Somewhere
north of London there is a small town - parts of the remaining High
Street are
Victorian, though now an enormous shopping centre of recent creation
overtowers
it. Approaching from the east, the road passes under a high steel-grey
brick
railway viaduct and then curves up to the new ring road roaring under
the walls
of that shopping centre. The walls are almost impervious to
entry,
standing like an ancient castle with only a few embrasures, presumably
for
decorative effect, though it would be easy enough to imagine arrows and
boiling
oil pouring down on invading forces trying to take the hill. Now
languages of
every nation are heard in its streets as if the town were taken by an
unspoken
infiltration instead of conquest, and were those languages not being
used in
conversations between businessmen and -women, mothers and children,
students
and waiters.
The town is called Watford. The young lady to my left as I type is from
a
Baltic state. Last week a conversation in Czech reached me in stereo as
two
other young ladies took seats on my either side.

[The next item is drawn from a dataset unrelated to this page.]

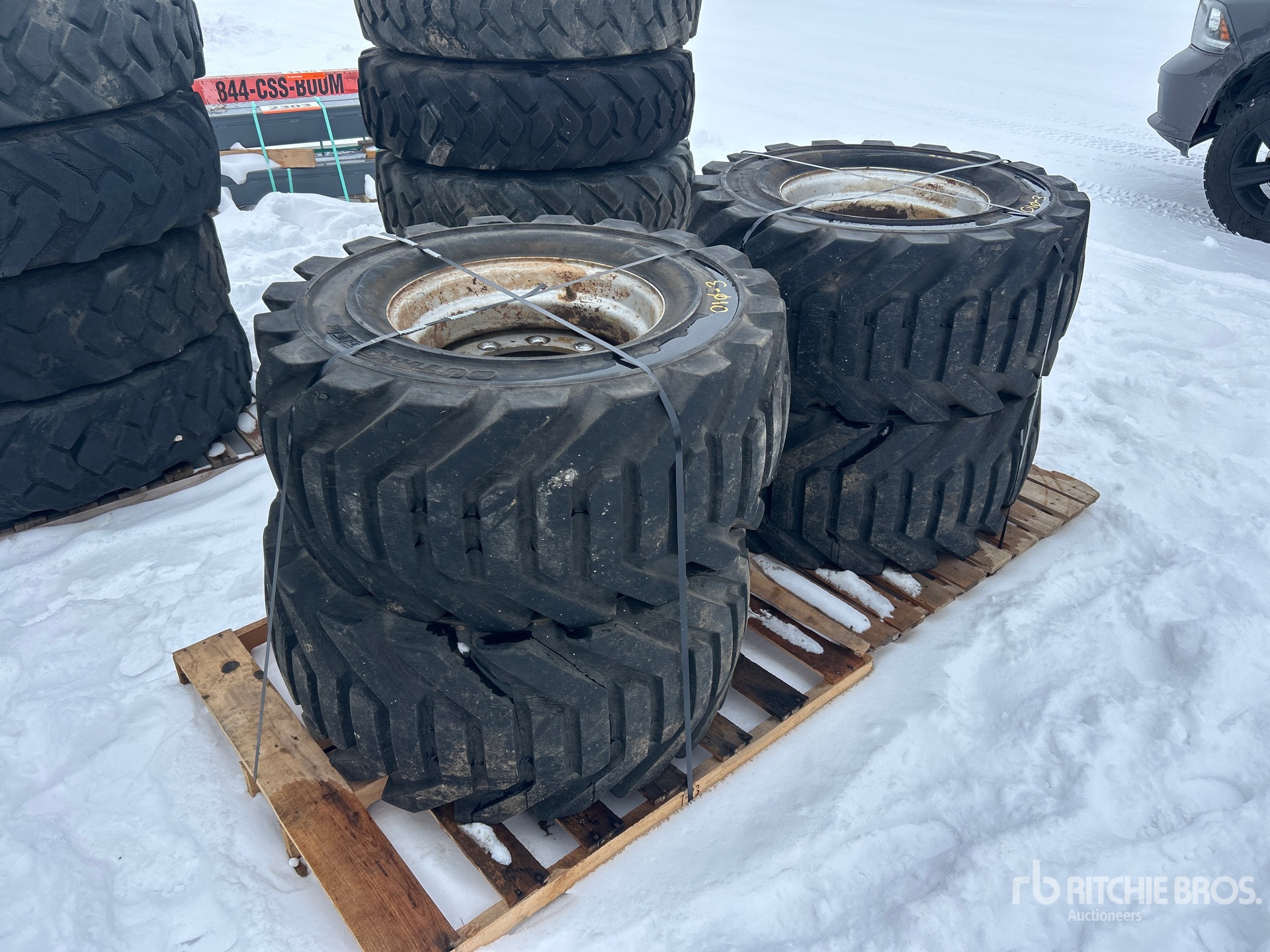 General Appearance with Bild, Ecke hinten rechts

The name does not come from a ford on the River Wat. Rather, one
is
likely to ask River What? For again approaching from the east,
beside the
road runs a strip of green - a linear country park, signs say.
River bank
is a better description. Watford stands on the River Colne - a flat,
dull,
southern river. The "wat" in Watford may have something to do with
the same three letters in Watling Street, but as no one knows the
origins of
that name either we are not much better off. Almost certainly, though,
Watford
was where the Romans found they could ford the river on their way north.
However, near the stream in the town centre, my hotel was built on
Water Lane.
Walking out tonight, Water Lane crosses not only the river, but also
another
wet unnamed ditch. Last year colleagues in the hotel found floods that
had
risen six feet cut them off. Water lays and stands wherever it can in
this town
- I found this as I tried to avoid the flooded half of the road as I
drove out
to the office in last week's rain, and the flooded half of another
road, and
another.
The viaduct cuts across the plain of the Colne, very high, very black,
and for
some reason very narrowly arched. Apart from the entry into the
town on
the main road, all other roads passing under the viaduct narrow to one
lane,
now subject either to traffic lights or one-way traffic. And there in
the
narrow strip of land an enormous supermarket (I found a plaque this
evening,
celebrating the re-direction of the river past their front door and
under their
car park) and two strip malls of electrical and carpet shops have been
dropped.
I was able to explore, though an unwitting explorer when I lost my way,
through
the chicanes that pass through the arches - the roads do not have
enough space
to curve around in the free area, so must pass through and curve back
on
themselves like mutant rams horns. Never can a town have been said to
have
turned in on itself as in the roads of Watford.
And somewhere outside the town, near the linear park, near the motorway
to the
north, and the A5 that once was called Watling Street, is the office
building
in which I have been working.
Yet tomorrow I shall be going back in time, to Oxfordshire, and the
medieval
village of Woodstock. I think I hear the panniers on the packhorses
being
loaded now.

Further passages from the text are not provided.